Masalmeh, Shehadeh K. (Shell Technology Oman) | Wei, Lingli (Shell International Exploration & Production B.V.) | Hillgartner, Heiko (Petroleum Development Oman) | Al-Mjeni, Rifaat (Shell) | Blom, Carl P.A. (Shell Intl E&P)
Enhanced oil recovery (EOR) has become increasingly important to maintain and extend the production plateaus of existing oil reservoirs. Simulation models for EOR studies require the right level of spatial resolution to capture reservoir heterogeneity. Data acquired from the dedicated observation wells are essential in defining the required resolution to capture reservoir heterogeneity. For giant reservoirs with long production history, their full field models usually have grid block sizes that are of similar scale as the distance between injectors and observation wells, with the consequence of losing the value of the time lapse saturation logs from dedicated observation wells. Therefore, using high resolution sector models, especially from the part of the reservoir where static and dynamic data sets are rich, is a must.
The objective of this paper is to present an improved and integrated reservoir characterization, modelling and water and gas injection history matching procedure of a giant Cretaceous carbonate reservoir in the Middle East. The applied workflow integrates geological, petrophysical, and dynamic data in order to understand the production history and the remaining oil saturation distribution in the reservoir. Large amounts of field data, including time lapse saturation logs from observation wells, have been collected over the last decades to provide insight into the sweep efficiency and flow paths of the injected water.
Iterative simulations were performed to investigate different scenarios and various sensitivities with each iteration involving an update of the static model to honor both the dynamic and core/log data.
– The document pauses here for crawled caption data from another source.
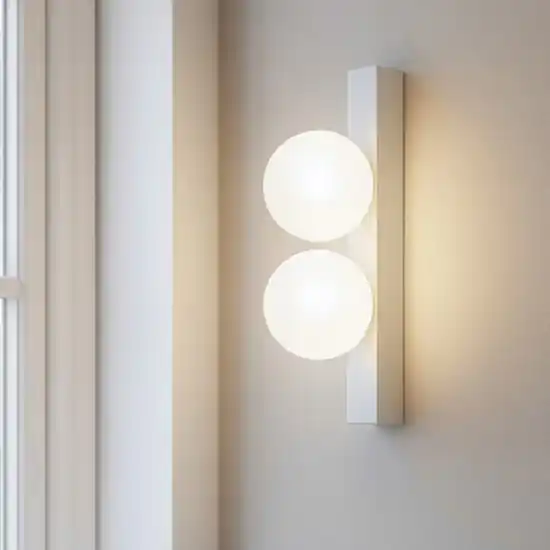 Ping pong ap2 ideal lux applique led 6w 3000k bianca due sfere vetro bianco Saldi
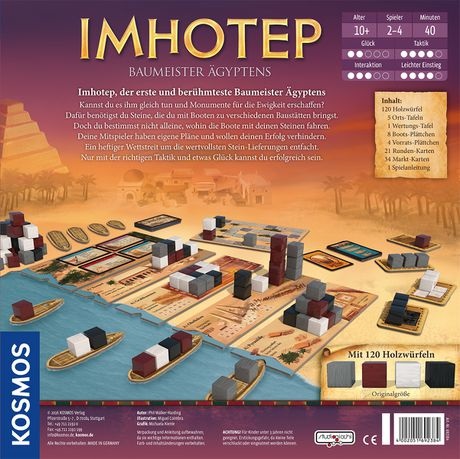 Kosmos Imhotep - Gioco da Tavolo Strategico per 2-4 Giocatori, Età 10 , Costruzione di Monumenti nell'Antico Egitto
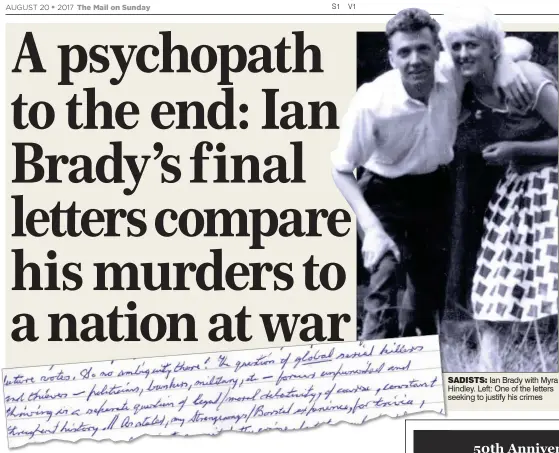  ??  ?? SADISTS: Ian Brady with Myra Hindley. Left: One of the letters seeking to justify his crimes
While applying this iterative process it was also acknowledged that conventional core data (e.g. 1 plug per foot) may not capture the high permeability streaks in these heterogeneous reservoirs that control much of the reservoir flow behaviour, hence much denser plugging and core examination is required. In addition, permeability upscaling procedures need to take into account the fact that core plugs may not represent the effective permeability of the larger connected vuggy pore systems.
The improved understanding of reservoir heterogeneity, the more robust reservoir characterization, and the improved history matching demonstrates that a better representation of reservoir dynamics is achieved. This provides a solid platform for designing and planning future EOR schemes.
Carbonate reservoirs contain more than 50% of world's remaining conventional hydrocarbon reserves and on average have relatively low recovery factors. With the insight that the era of "easy oil?? (conventional oil and natural gas that are relatively easy to extract) is phasing out, enhanced oil recovery (EOR) becomes increasingly important to maintain and extend the production plateaus from existing oil reservoirs. EOR technologies, however, require a refined understanding of reservoir heterogeneities and dynamic field performance. Simulation models for EOR studies need to have the right level of resolution and details. Often, we find that for a giant reservoir with a long waterflood history, working with full field models with coarse simulation grids is not adequate to understand the reservoir performance and calibrate the static model. Therefore, using high resolution sector models, especially from the part of the reservoir where static and dynamic data sets are rich, is a must.